A day after news broke that Envelop VR was shutting its doors, the CEO of the Bellevue-based virtual reality startup appeared at the 45th annual Economic Forecast Conference in Seattle.

Bob Berry didn’t mention the closure during the panel discussion. But GeekWire caught up with the technology executive following the session to hear what went wrong at a company which counted deep-pocketed investors such as Madrona Venture Group and Alphabet’s venture capital arm GV as backers.

“We were three years in, and there’s still not much of a VR market out there, no appreciable market,” said Berry, whose company made VR business applications. “We just recognized that our strategy, and timing and all of that were probably two or three years away to be able to execute our big strategy. With these venture-backed type of companies, you have to be in the right place at the right time.
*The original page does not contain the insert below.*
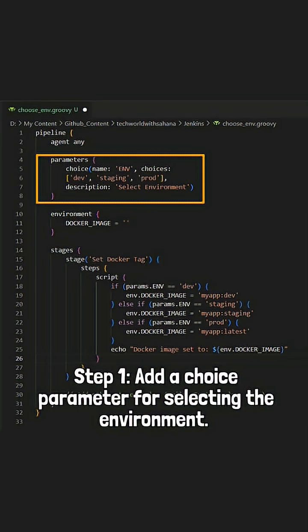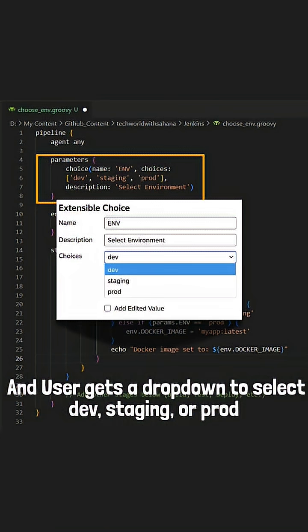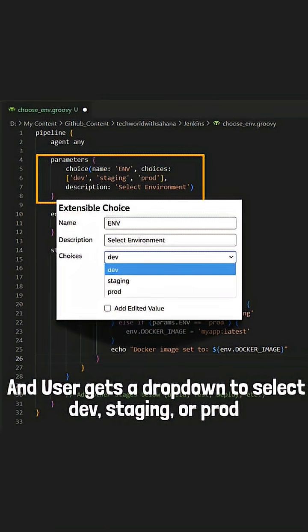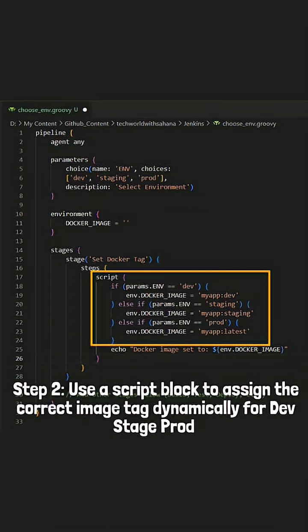Step one: add a choice parameter for selecting the environment. The user will get a dropdown to select Dev, Stage, or Prod.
I think we were way early.”

Berry said they were attacking the virtual reality market in an aggressive way, but it ended up being a case of “wrong place, wrong time.” The company decided to pull the plug rather than go out and raise another round of capital, which would have been used to produce and buy content. “That was going to be very capital intensive, and I think justifying that amount of raise with current market conditions wasn’t there.”
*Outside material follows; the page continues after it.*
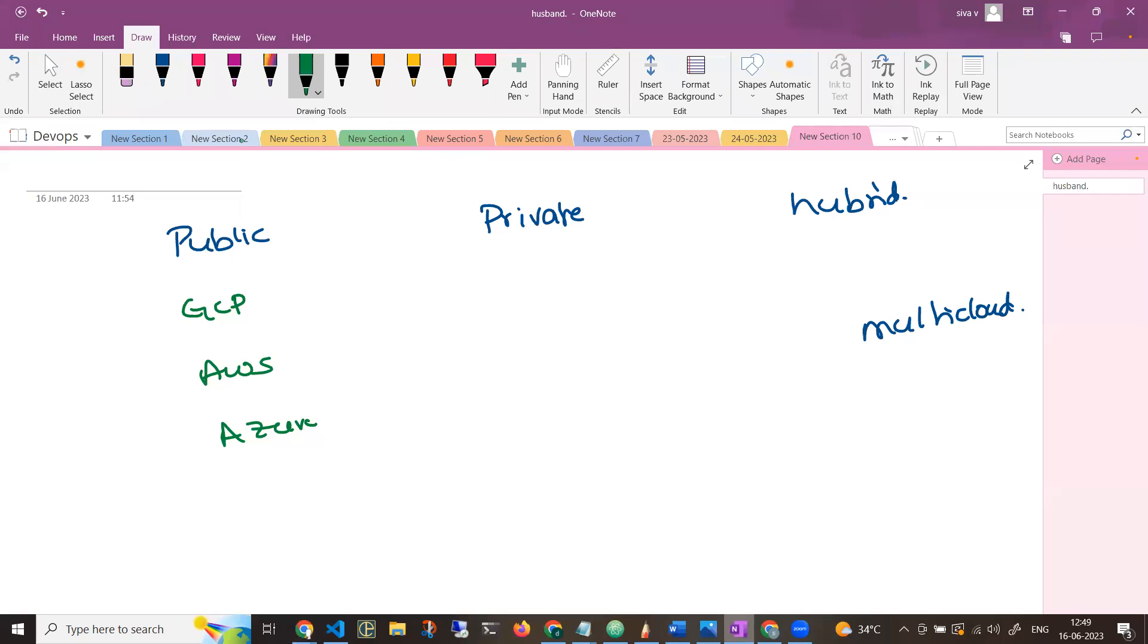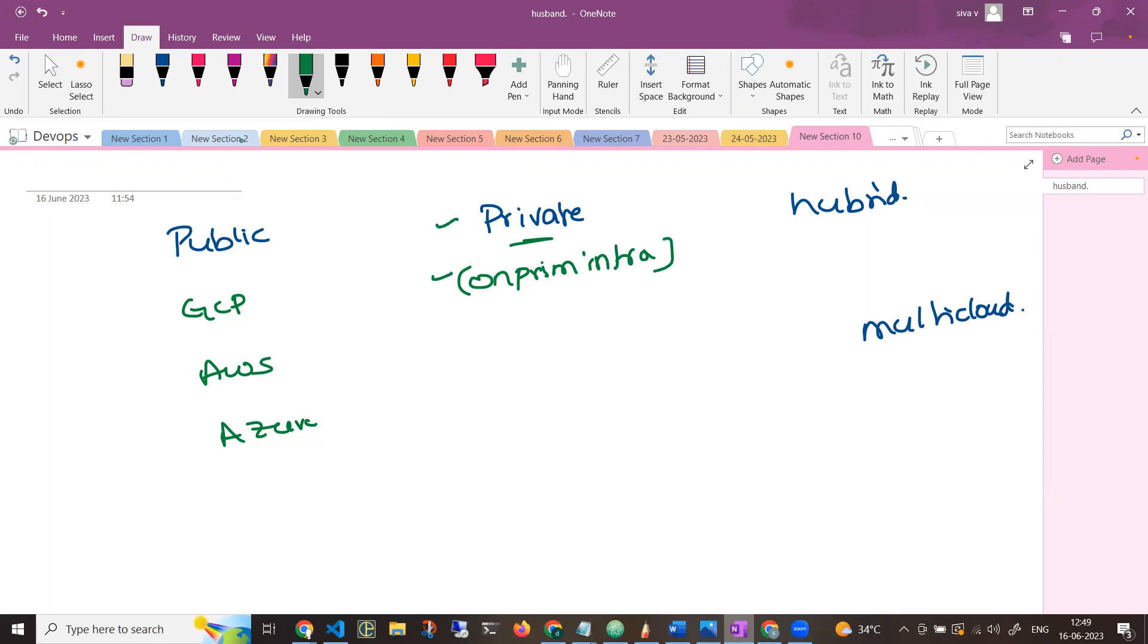Now, private cloud and on-prem infrastructure at the same time. There is a massive difference between private cloud and having an on-prem infrastructure. For example, we have VMware. There is also Hyper-V. We have Xen Hypervisor. This is on-prem infrastructure.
Berry said they could have raised money “to limp along” for a couple years until the market emerged, but he felt that was “not very attractive.”
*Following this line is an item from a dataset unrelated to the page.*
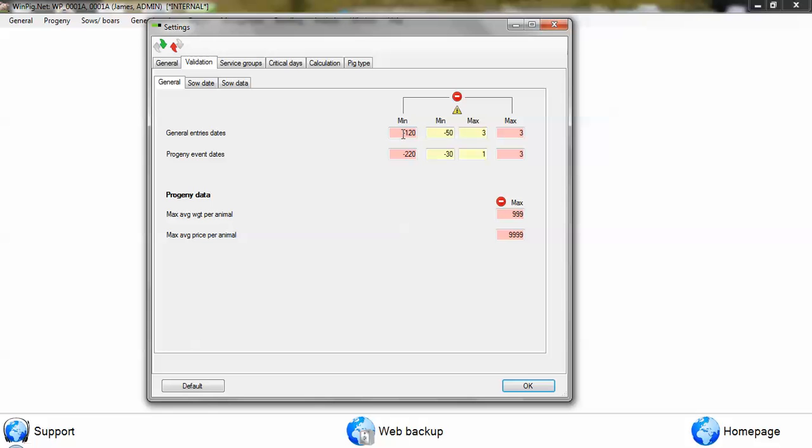If you go into the red warning here, beyond 120 days it won't allow you to go 120 days back. Between these two, the yellow and the red, it will give you a warning to say are you sure you want it to be allowed.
Berry said he’s still actively involved in virtual reality through his gaming company, Uber Entertainment. And while he’s still very much “bullish” on the technology, Berry said Envelop VR simply got caught with the wrong product at the wrong time.

“I just think where we positioned Envelop, I think we might have put ourselves at a dead-end, because I don’t think desktop Windows VR is really going anywhere,” he said. “That’s a dead-end for somebody like us that is trying to get to the mobile mixed reality future. We needed to be in mobile, and not tied to a desktop PC, which is what we were.”

Berry said the desktop environment proved to be the right place to incubate the initial concept, but the company ended up spending too much time in that arena. “We needed to jump into mobile a long time ago,” he said. “I think had we made that jump when we wanted to like a year ago, I think we would be in a really different place right now. But, you know, you live and you learn.”

Berry said he’s actively talking to potential acquirers of the technology, and that he’s going to take some time off before deciding what’s next for him. Envelop VR raised about $7.5 million, one of a number of venture-backed startups that tried to take a bite out f virtual reality market that some estimate could top $150 billion in the next five years.

Not everyone is a believer. Erik Benson, one of Envelop VR’s early backers, said at a conference in Seattle last month that “there are no VC opportunities in AR/VR in the near term.”

“Today, I see no billion-dollar companies in VR,” said Benson, adding that there is basically no consumer market for people buying VR products outside of gaming. He said it will be at least 10 years for that to change.

Berry thinks there is room for startups to make inroads in VR if they are doing a “picks and shovel play” or “content for VR video.” He said VR won’t got mainstream until there is an ergonomically comfortable headset and a content distribution system that can deliver VR video “where I can be sitting at Hamilton in the front row seat, and really feel like I am in the theater watching it live.”

“That’s a game changer, and we are just a few years away from that,” said Berry.

During his remarks at the conference, Berry said that you can’t really think of virtual reality from the vantage point of “our generation.”

“It is for our kids and our grandkids,” he said. “They interact with humans and data and computers way different way than we do.”

He noted that you can walk into a room of 10 kids, and they will all be immersed in their phones talking to one another without looking at each other. For older adults that may seem weird, but it is how the younger generation is growing up.

“That’s going to translate into how they interact and socialize with other people,” he said. “We shouldn’t just disparage that necessarily, we just need to accept the fact that they are going to grow up differently than we did, and they are going to interact with humans differently. And that may seem bizarre to us, but we should not be afraid of that.”